At the time, I thought I had something profound to say about it, but no time to do so. Now that I have the time, I'm suddenly struck by how little I have to say about the question, after all.

But I'm not going to let that stop me. I want to talk about stories and memories, whether we remember them or not.

I've just ordered the books for my children's literature course next spring, and I am struck by how many of them are about storytelling. I don't think this is just selection bias on my account. Yes, I'm an English professor who specializes in fiction, in narrative, in storytelling, so I am drawn to those stories. But I think writers for kids are, too. So in Alice in Wonderland, Alice repeatedly tries to remember stories, tells some, fails to tell others, and thinks about what she will remember of her adventures when she is no longer having them. In Coraline, the title character recognizes the way her story is a story, is like other stories she's read. In The Neverending Story, Bastien learns that by telling a story he can create reality. Peter Pan brings Wendy to Neverland in order to hear stories, including the end of Cinderella. In Walter Dean Myers' Monster, the title character makes a movie of his experiences, controlling and shaping them with the camera and the storyboard. And so on.

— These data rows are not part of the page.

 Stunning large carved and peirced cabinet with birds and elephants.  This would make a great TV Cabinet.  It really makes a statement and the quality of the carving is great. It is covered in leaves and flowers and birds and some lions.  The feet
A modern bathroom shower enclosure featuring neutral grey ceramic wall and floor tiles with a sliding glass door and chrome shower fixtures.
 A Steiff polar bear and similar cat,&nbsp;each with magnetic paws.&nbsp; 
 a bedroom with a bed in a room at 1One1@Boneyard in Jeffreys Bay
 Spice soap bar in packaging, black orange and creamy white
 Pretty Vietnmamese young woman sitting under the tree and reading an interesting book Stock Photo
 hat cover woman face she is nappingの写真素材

What does this have to do with Jody's question? Much of what we remember in adulthood is story. In fact, we actually move experience from short to long term memory by telling it, turning it into narrative. (I have a friend who's a memory expert and confirms this for me.) So if your family tells stories about you, those silly/cute/annoying stories about what you did when you were too little to know better, for example, then those stories become your memories. The stories about stories seem to intuit this fact, and give us new ways to organize our memories, to think about our own lives in terms of other people's lives. I've never, for example, felt that I created a reality by imagining it, but Bastien's experience--which I first read about as a child or teenager myself--reminds me of the stories I did invent in childhood, and those I heard. While my memories of my childhood do, as Jody suggests, diverge pretty radically from my parents' memories, we come together on certain stories, both true and fictional, and those are a shared source of history and delight. Their stories of my childhood will necessarily differ from my own, but as we continue to tell them we create new memories, too.